How does it work?
Docker implements Enhanced Container Isolation by using the Sysbox container runtime. Sysbox is a fork of the standard OCI runc runtime that was modified to enhance standard container isolation and workloads. For more details see Under the hood.
Starting with version 4.13, Docker Desktop includes a customized version of Sysbox.
When Enhanced Container Isolation is enabled, containers
created by users through
docker run or
docker create are automatically
launched using Sysbox instead of the standard OCI runc runtime. Users need not
do anything else and can continue to use containers as usual. For exceptions,
Even containers that use the insecure
--privileged flag can now be run
securely with Enhanced Container Isolation, such that they can no longer be used
to breach the Docker Desktop Virtual Machine (VM) or other containers.
When Enhanced Container Isolation is enabled in Docker Desktop, the Docker CLI "--runtime" flag is ignored. Docker's default runtime continues to be "runc", but all user containers are implicitly launched with Sysbox.
Enhanced Container Isolation is not the same as Docker Engine's userns-remap mode or Rootless Docker. This is explained further below.
Sysbox enhances container isolation by using techniques such as:
- Enabling the Linux user-namespace on all containers (root user in the container maps to an unprivileged user in the Linux VM).
- Restricting the container from mounting sensitive VM directories.
- Vetting sensitive system-calls between the container and the Linux kernel.
- Mapping filesystem user/group IDs between the container's user-namespace and the Linux VM.
- Emulating portions of the procfs and sysfs filesystems inside the container.
Some of these are made possible by recent advances in the Linux kernel which Docker Desktop now incorporates. Sysbox applies these techniques with minimal functional or performance impact to containers.
These techniques complement Docker's traditional container security mechanisms such as using other Linux namespaces, cgroups, restricted Linux capabilities, seccomp, and AppArmor. They add a strong layer of isolation between the container and the Linux kernel inside the Docker Desktop VM.
For more information, see Key features and benefits.
The Docker Engine includes a feature called userns-remap mode that enables the user-namespace in all containers. However it suffers from a few limitations and it's not supported within Docker Desktop.
Userns-remap mode is similar to Enhanced Container Isolation in that both improve container isolation by leveraging the Linux user-namespace.

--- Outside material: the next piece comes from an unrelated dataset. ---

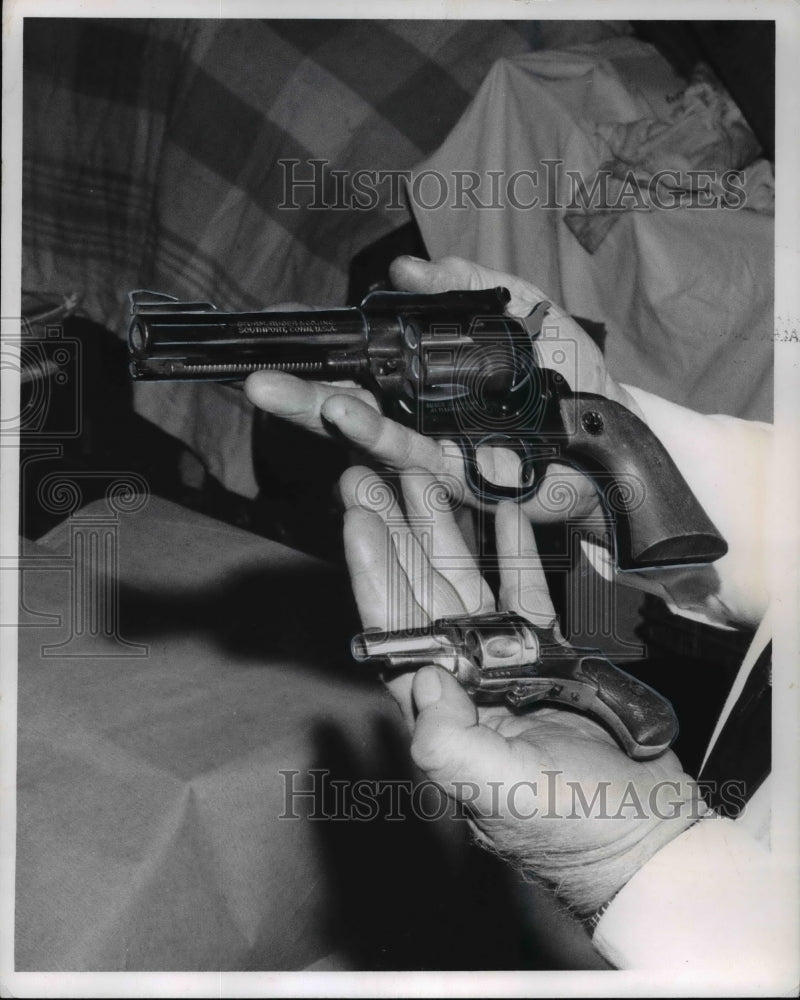 1972 Press Photo Lt Michael Roth shows the big & little Revolver - Historic Images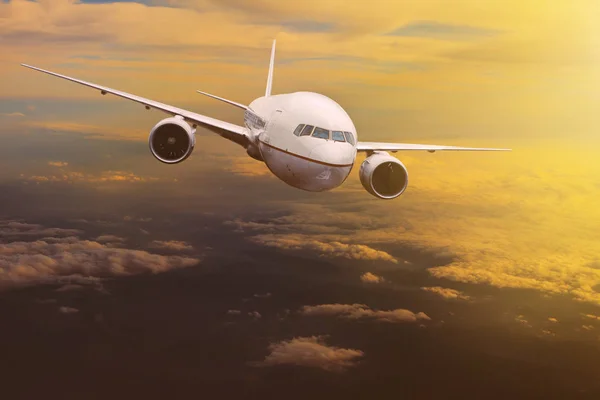 Avión viajero volando sobre el cielo naciente del sol —  Fotos de Stock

However, Enhanced Container Isolation is much more advanced since it assigns exclusive user-namespace mappings per container automatically and adds several other container isolation features meant to secure Docker Desktop in organizations with stringent security requirements.
Rootless Docker allows the Docker Engine, and by extension the containers, to run without root privileges natively on a Linux host. This allows non-root users to install and run Docker natively on Linux.
Rootless Docker is not supported within Docker Desktop. While it's a valuable feature when running Docker natively on Linux, its value within Docker Desktop is reduced since Docker Desktop runs the Docker Engine within a Linux VM. That is, Docker Desktop already allows non-root host users to run Docker and isolates the Docker Engine from the host using a virtual machine.
Unlike Rootless Docker, Enhanced Container Isolation does not run Docker Engine within a Linux user-namespace. Rather it runs the containers generated by that engine within a user-namespace. This has the advantage of bypassing the limitations of Rootless Docker and creates a stronger boundary between the containers and the Docker Engine.
Enhanced Container Isolation is meant to ensure containers launched with Docker Desktop can't easily breach the Docker Desktop Linux VM and therefore modify security settings within it.